In Heder’s tale, Ruby Rossi (Emilia Jones) is the only hearing member of her loud, lusty and loving Massachusetts family. She is torn between following her heart and going away to college to study voice or staying behind as the conduit that enables her deaf parents and brother to communicate with the outside world.
Fishing is the Rossi family’s trade, which is laboriously carried out on a rickety trawler. Ruby has become the family’s marketplace translator who also works on the fishing boat in the mornings before heading off to school, where she is relentlessly teased about her disabled family.

But not everything about high school is a downer for her. That’s where she gets to hang out with her brazen best friend, Gertie (Amy Forsyth), moon over an oddball boy named Miles (Ferdia Walsh-Peelo) and draw encouragement from Mr.
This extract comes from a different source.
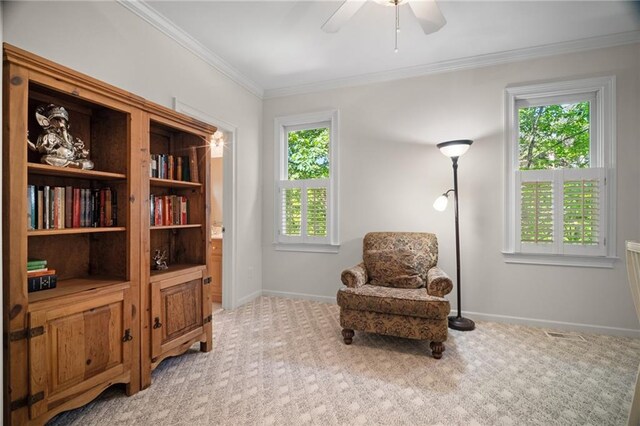 711 Wildcat Dr, Big Canoe, GA 30143 - sitting room with plenty of natural light, ceiling fan, carpet floors, ornamental molding, and baseboards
V (Eugenio Derbez), her eccentric, demanding music teacher who sees unlimited potential in Rossi’s singing ability.
The story’s primary conflict involves clashes between the bonds of a tight-knit, dependent family and the forging of one’s own path to adulthood, which in Ruby’s case involves reach-for-the-sky dreams.
Unlike Jones, each of the other primary cast members is actually deaf. Oscar-winner Marlee Matlin portrays Ruby’s mother Jackie, an ex-beauty queen, Troy Kotsur is her pothead father Frank (who looks like a ZZ Top reject) and Daniel Durant plays her restless brother Leo. Each actor turns in a memorable performance that adds considerable depth to what could easily have been stock characters.
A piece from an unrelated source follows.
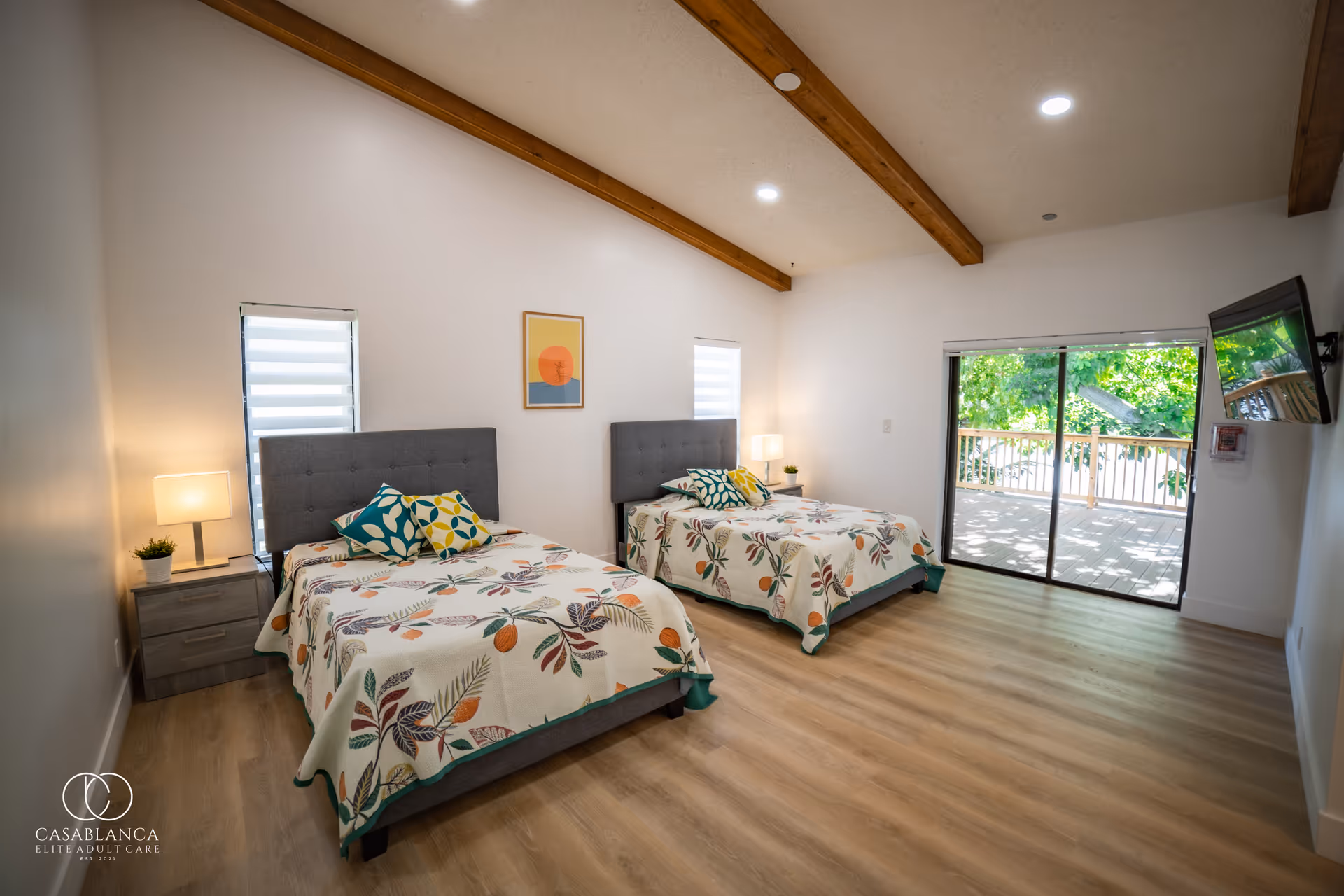 A bright bedroom with two beds featuring floral-patterned bedspreads and colorful pillows. Each bed has a gray upholstered headboard and a nightstand with a lamp and small plant. The room has wooden beams on the ceiling, light wood flooring, two small windows with blinds, a framed artwork on the wall, and a sliding glass door leading to an outdoor balcony with greenery visible outside. A wall-mounted TV is on the right side of the room.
In a remarkable breakout performance, British-born Jones had to master American Sign Language (ASL) and take singing and acting lessons while learning to emote in an American accent.
Opening in August, “CODA” yanks hard at the heartstrings. Thanks to Heder’s deft scripting, though, the story manages to even be playful at times while also being authentic, sensitive and avoiding any trace of mawkishness.